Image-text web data
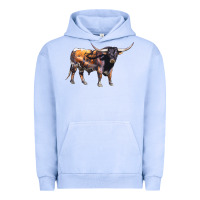 Pigment Grape Ice Texas Longhorn Bull Urban Hoodie - LillyAllenDesigns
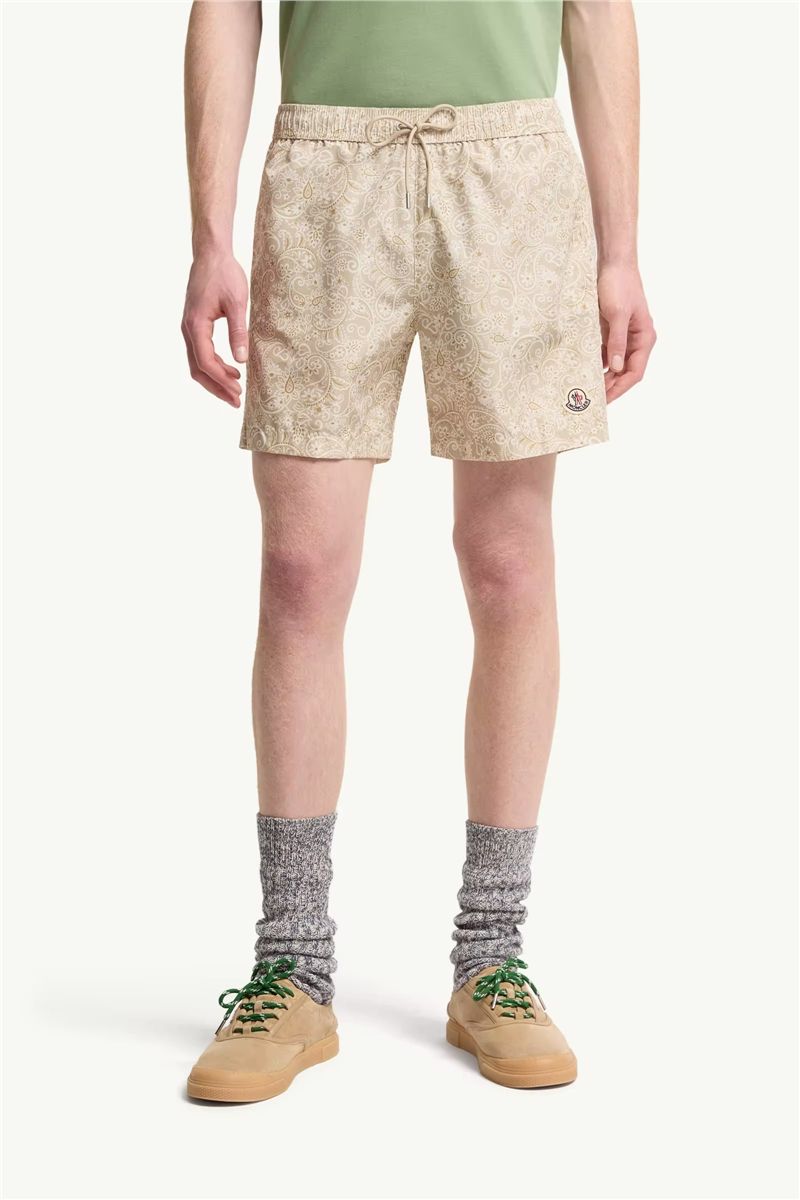 Paisley Print Swim Shorts-MONCLER-Verso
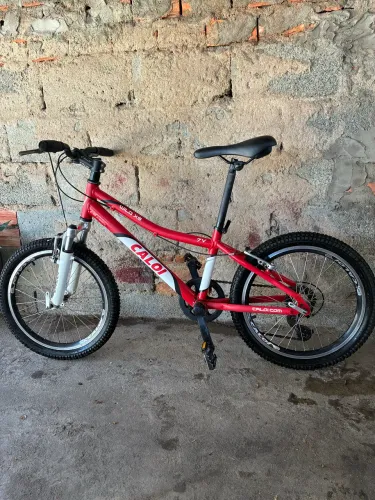 Bicicleta Caloi Wild XS Aro 20 | 7 Marchas | Shimano Tourney | Suspensão Dianteira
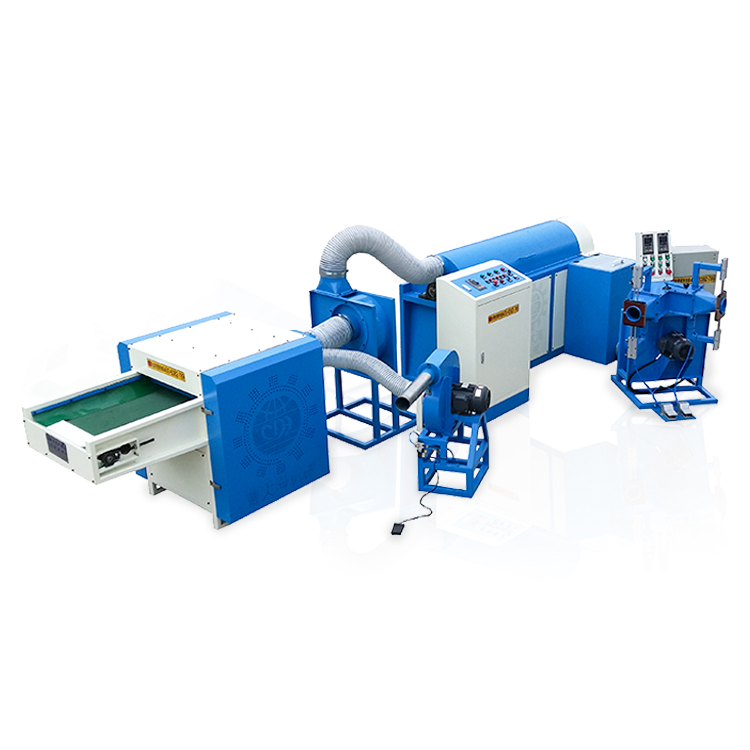 Ball fiber filling machine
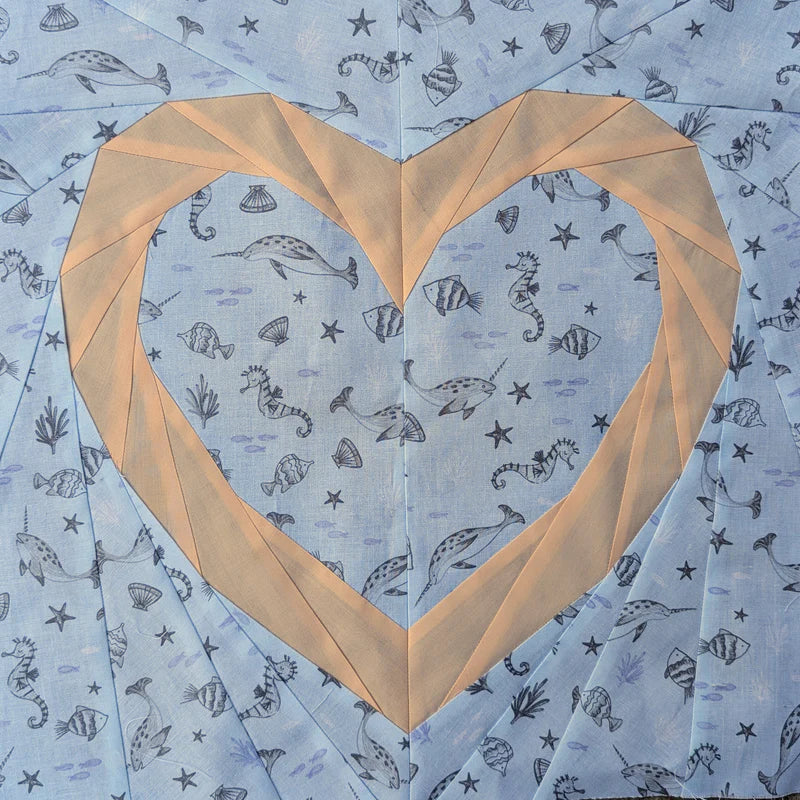 Aurora + Holly Love Foundation Paper Piecing Wall Hanging Pattern - Image 5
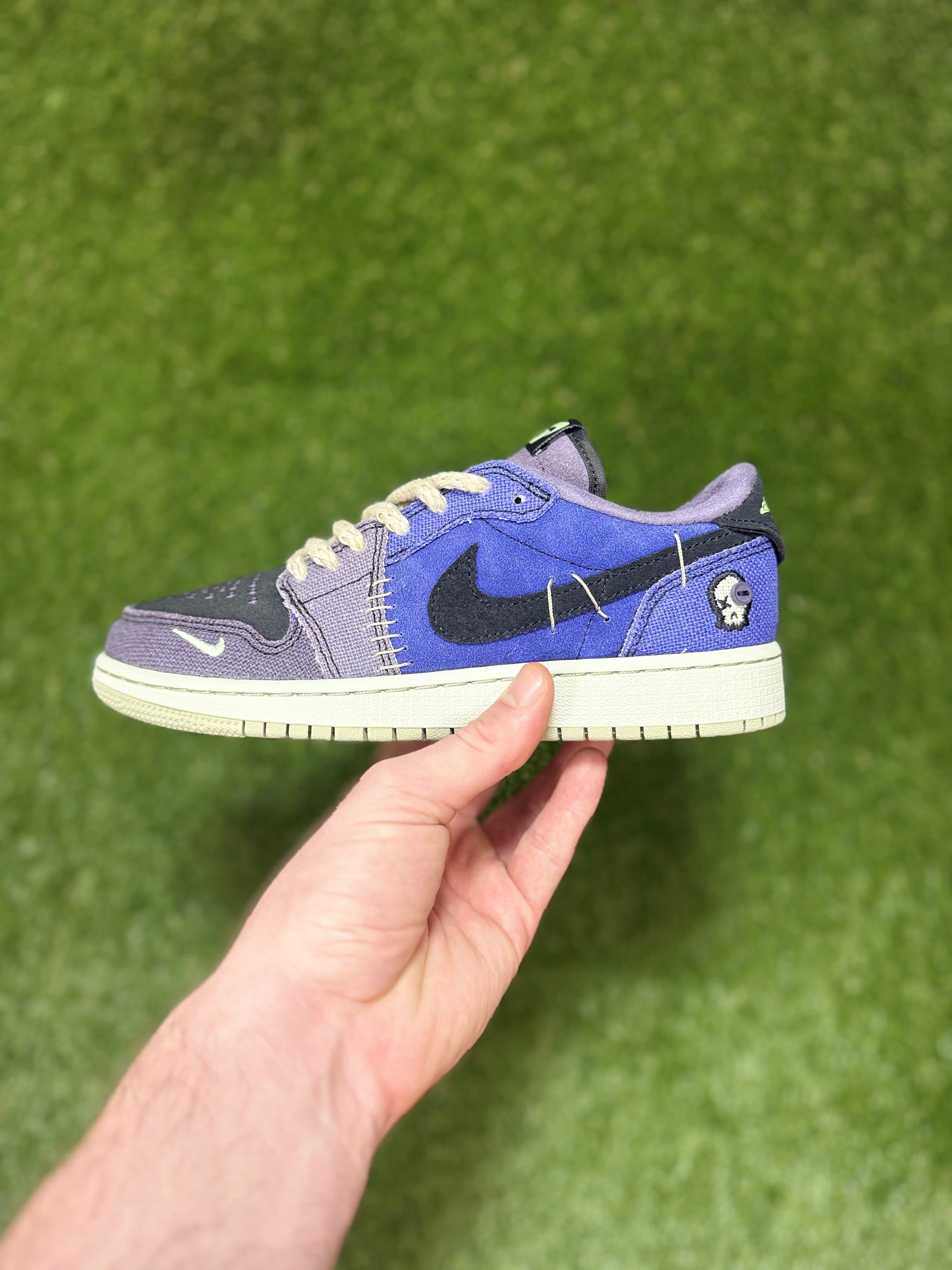 Youth Zion Williamson x Air Jordan 1 Retro Low OG 'Voodoo Alternate size 4.5Y (Damaged Box)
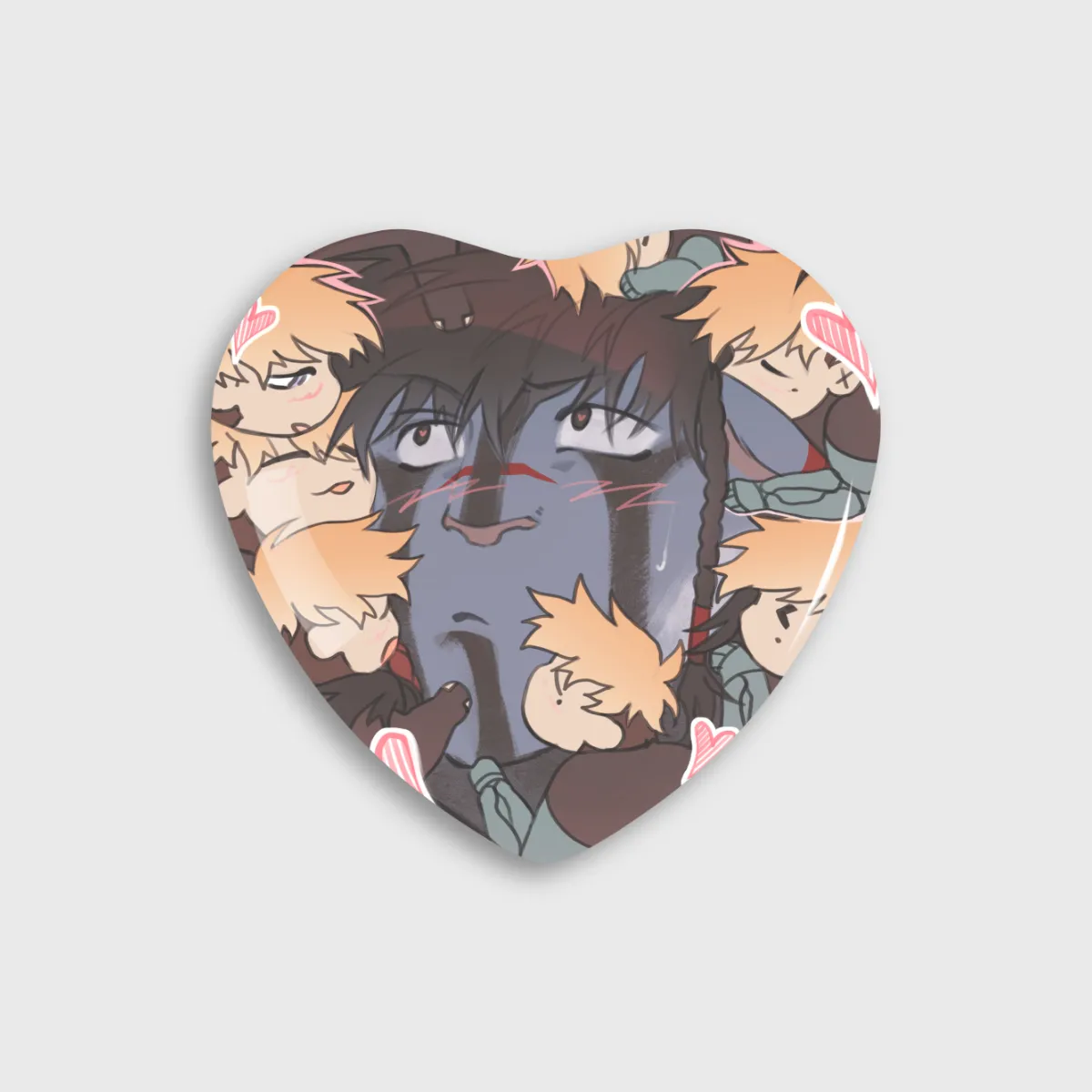 Heart Shaped Button Pin #2 Vashwood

[Work to be completed] When you reproduce the entries above, keep every word exact and leave the images out.

[Result for this task]
 Pigment Grape Ice Texas Longhorn Bull Urban Hoodie - LillyAllenDesigns
 Paisley Print Swim Shorts-MONCLER-Verso
 Bicicleta Caloi Wild XS Aro 20 | 7 Marchas | Shimano Tourney | Suspensão Dianteira
 Ball fiber filling machine
 Aurora + Holly Love Foundation Paper Piecing Wall Hanging Pattern - Image 5
 Youth Zion Williamson x Air Jordan 1 Retro Low OG 'Voodoo Alternate size 4.5Y (Damaged Box)
 Heart Shaped Button Pin #2 Vashwood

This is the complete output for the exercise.